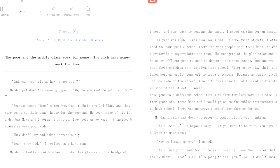Dad, can you tell me how to get rich? My dad put down the evening paper. Why do you want to get rich, son? Because today Jimmy's mom drove up in their new Cadillac, and they were going to their beach house for the weekend. He took three of his friends, but Mike and I weren't invited. They told us we weren't invited because we were poor kids.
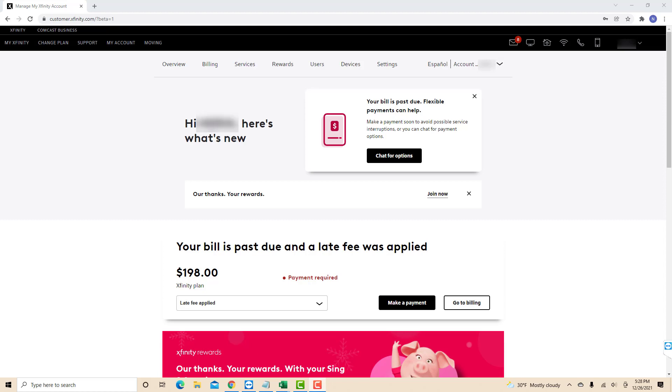First, once you're signed in, you will see the last four digits of your account number at the upper right part of the screen. On its right side, you will see a drop-down arrow. Click on the drop-down arrow to view the complete account number.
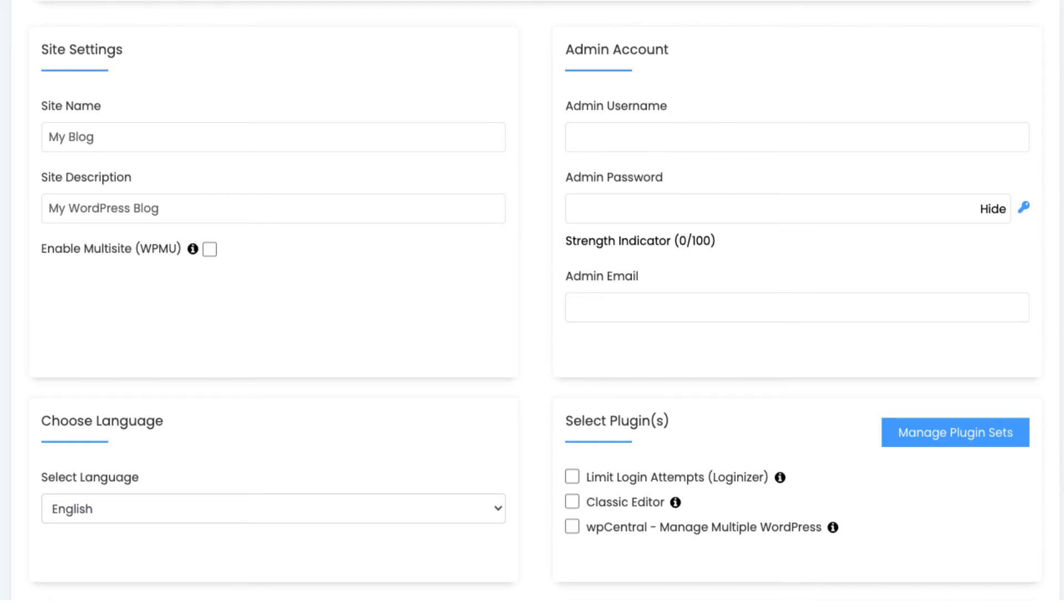Scroll down and you can change the language for WordPress if you'd like. If you want anything over on the right, you can select it. I'm not going to select anything. You don't need to select any of it unless you want it.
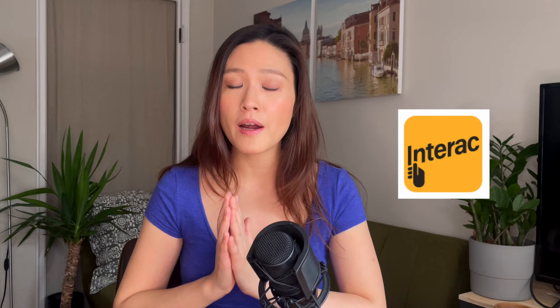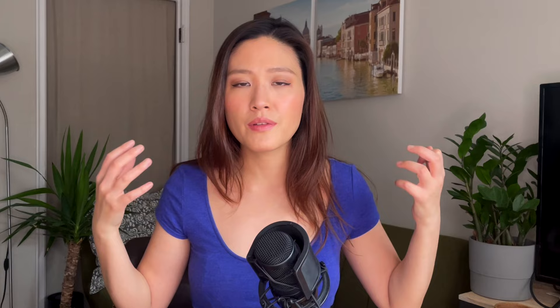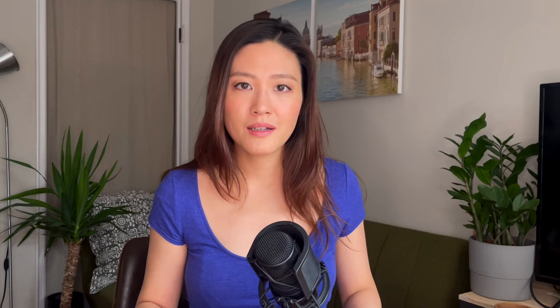Interac e-transfers are so far the easiest and also cheapest way to send money to someone. With most banks an Interac e-transfer will cost you somewhere between one and one and a half dollars. But many banks nowadays offer free Interac e-transfers as part of a package. For example, if you open a very basic account with Scotiabank, as part of that basic package they allow you unlimited Interac transfers.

• **Exercise description**
Type out the data above again exactly as written, minus the images.

• **Final answer**
Dad, can you tell me how to get rich? My dad put down the evening paper. Why do you want to get rich, son? Because today Jimmy's mom drove up in their new Cadillac, and they were going to their beach house for the weekend. He took three of his friends, but Mike and I weren't invited. They told us we weren't invited because we were poor kids.
First, once you're signed in, you will see the last four digits of your account number at the upper right part of the screen. On its right side, you will see a drop-down arrow. Click on the drop-down arrow to view the complete account number.
Scroll down and you can change the language for WordPress if you'd like. If you want anything over on the right, you can select it. I'm not going to select anything. You don't need to select any of it unless you want it.
Interac e-transfers are so far the easiest and also cheapest way to send money to someone. With most banks an Interac e-transfer will cost you somewhere between one and one and a half dollars. But many banks nowadays offer free Interac e-transfers as part of a package. For example, if you open a very basic account with Scotiabank, as part of that basic package they allow you unlimited Interac transfers.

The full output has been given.